First, I took my #6 flat bristle brush and a mix of napthol with a little orange (you can use cad red light and orange as well) and water to thin it so it is very washy looking, then with a very dry brush (little water and little paint, remember to squeeze the back end of the brush with your paper towel) using small circles and very light pressure on my brush, I did a dry brush glaze over the whole paper area to give it a redder look but not lose some of the pinkish look. I also did a similar thing with a mix of ultramarine blue and alizarin  to shade the back part of the  paper that goes off the canvas to fade it out.

Another place I used this dry brush technique is putting a lavender reflected light on the bottle with my #4 bristle brush. 

Practice this technique because it is very useful in acrylic. It should look almost transparent when you put it on, just hitting some of the tops of the canvas threads, if it is too solid looking you are pressing too hard, if it looks blotchy or runny, you have too much water on your brush, make sure after you rinse your brush you dry it and after you pick up the paint squeeze the back end of the brush to get out excess water you picked up when loading your brush.

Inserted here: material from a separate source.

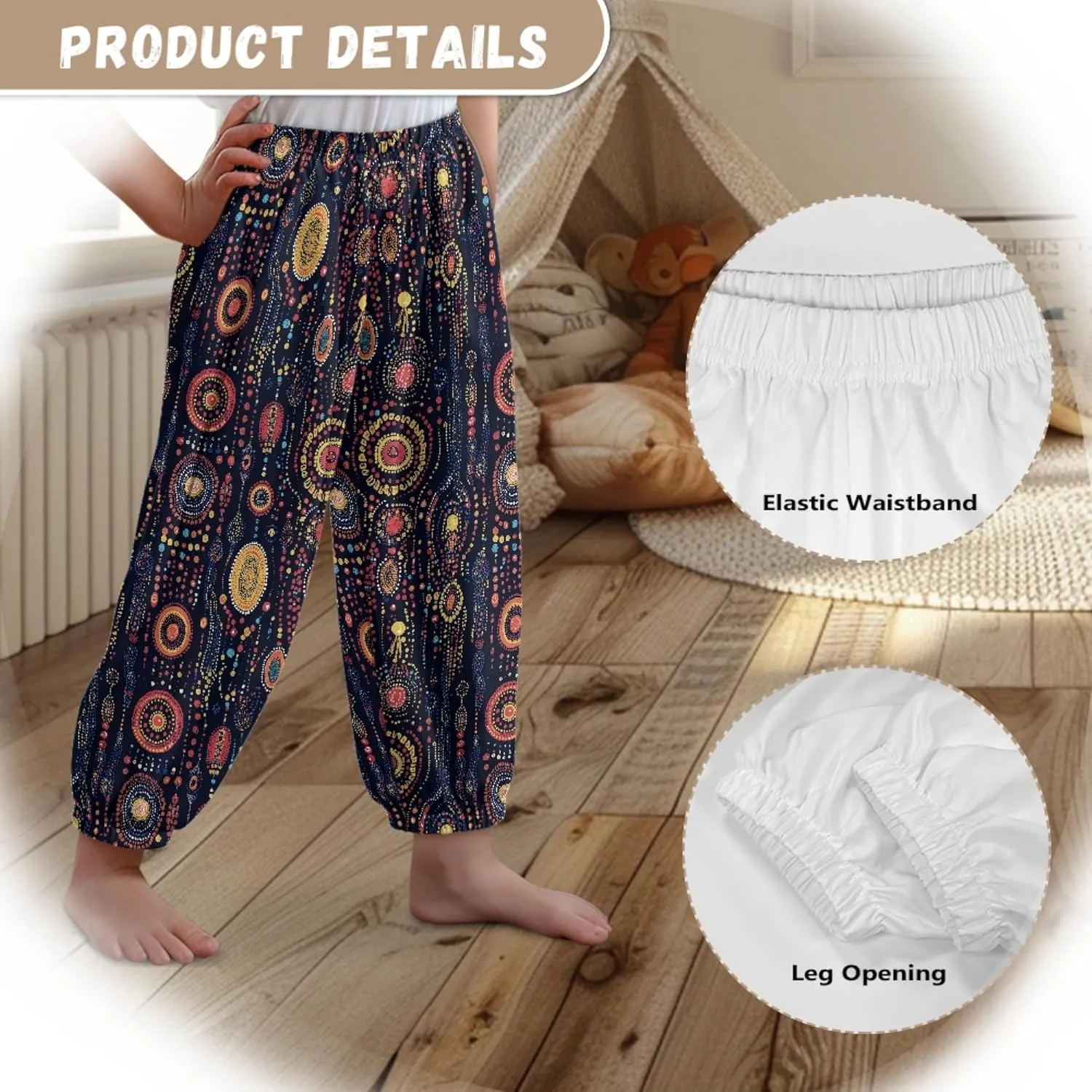 2 Pack Kids Harem Bloomers Pants Elastic Waist Bohemian Style Casual Baggy Ankle Trousers for Boys and Girls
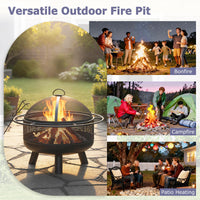 Tangkula 24 Inch Heavy-Duty Metal Fire Pit for Outside Wood Burning for Camping Bonfire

 The next fix I did was to change the shape of the lower rose petal. I thought it was too long and the wrong shape so I took my #6 flat SABLE brush and a mix of blue, alizarin and a touch of green to make a dark green shadow color and used that color to reshape the petal and add another leaf in the process. To make the outside edge of the leaf, I added a bit of white to the mix, just enough to make it lighter but not bright light.

You do not need to go through the whole process of painting out something that needs fixing, just fix it but remember to make the fix look like it is part of the  painting, not just some random stripe or blotch.

I also fixed the bulge in the ring box using a dark mix of blue, alizarin with the bristle brush this time so I could scrub in the color to reshape the the box. Again, I didn't just make a stripe of color, I used the dry brush technique, scrubbed in the color around the box and also out away from the box. Once I have the shape the way I liked it I added some napthol and touches of orange to get the light back into the fabric working those colors in by scrubbing the color in and blending it with what is already there. It is important you learn to fix things so they look like they were always like that, you will be happier with your paintings.

Still more fixing and adjusting. I had made the petals on the red flower too long and too bright so this was a 2 part fix. First I took the #4 bristle brush and dark colors - blue, alizarin, sometimes I added green if I was on a leaf - and I reshaped the petals by painting in the dark around them. All of these fixes are what is called "negative painting" meaning you are painting the space AROUND something not the thing itself. With this fix I am changing the shape of the petals by changing and adding shadows. Remember to blend the fixes out into the surrounding area so they look like they were always there. The second part of the flower fix I did with my sable brush and a mix of napthol and alizarin trying not to make the petals longer again but to clean up the edges and darken the bright red color I had at the tips.

Another thing I did here was to add shapes to the hydrangea to make it look like it had flowers. Funny thing about this is there are very few actual flower shapes in this cluster but because of the few that look like flowers the rest of the shapes suggest more flowers.

 I did a separate demo to show how just adding a few shapes that look like flowers and the rest are just marks, tricks the viewer into thinking that there are a bunch of flowers, even the center dots add to the illusion. I was using the sable brush, with blue for the base then adding white for lighter colors or alizarin for those "flowers" that were in shadow. Blue and burnt sienna or umber for the very dark centers.






This is where I left off on Monday and I am thinking I could possible finish this in our next class, don't worry if you are not as far along we still have 3 more weeks so take you time just keep painting and I will see you in class.